Before the actual production starts, the file containing the list of orders is converted into a more convenient form for the production team. They get a sheet with stickers, each containing the code of the design, size, color, and other necessary details. You know styles such as Mimosa dress, Ocean pants, and Harper tunic to mention but a few, but the team uses certain codes that are not public and used for in-house communication only.
Each person cutting the fabric spreads out the fabric in the color they work with, lays out the pattern on top, and, if that garment does not require customization, traces the pattern until all the pieces are cut out. For instance, if there are two Mimosa dresses in the same size and color ordered on the same day, the fabric will be double-layered so as not to cut two identical dresses separately. When the cutting is done, the details with the sticker on them are forwarded to our thorough seamstresses, who do the rest.

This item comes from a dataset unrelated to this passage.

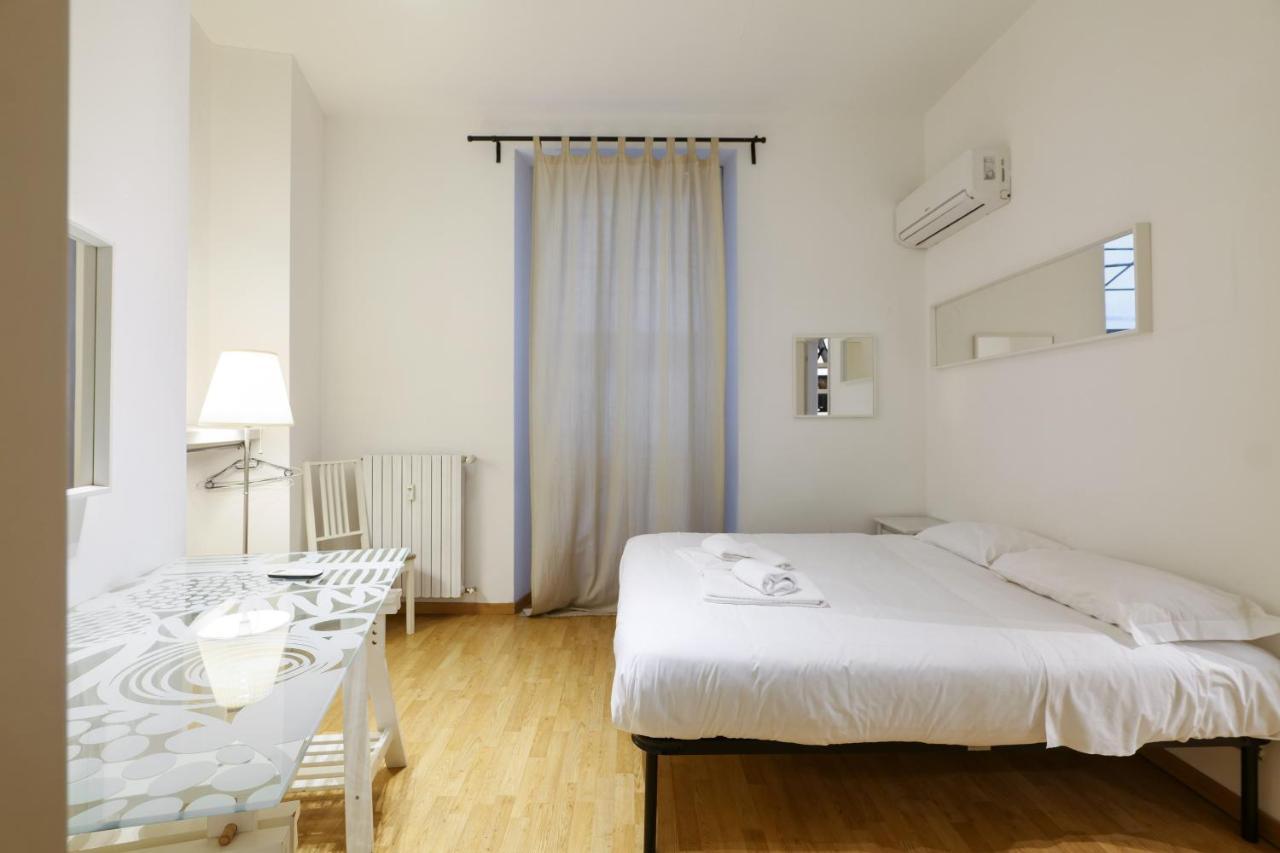 Luminoso Appartamento Con Balcone In Cadorna Mailand Exterior foto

Yet, that is not all. The clothes are then washed, dried, ironed, packed, and registered for shipping. These tasks involve another 3 people, one of whom is Erika, a girl that usually gets in touch with you to ask for the phone number or zip code. She also makes sure that the dress that you ordered in a custom length is sent to you and not someone else.
Remember those printed invoices? They are kept in document folders until the clothes ordered are made and prepared for ironing. When it is time to pack everything, our packing girl Giedre makes sure that all the changes agreed on are made just as expected. She also inspects the garment from top to bottom to check its overall quality.
If you want your purchase to be sustainable and not wasteful, we heartily recommend placing your order only when you are certain about the color, size and whether or not you need customization. Slow fashion is not just about ethical salaries and a healthy workplace. It is about well-thought choices and the footprint you make. In other words, plan your wardrobe carefully, and we are always here if you need some advice.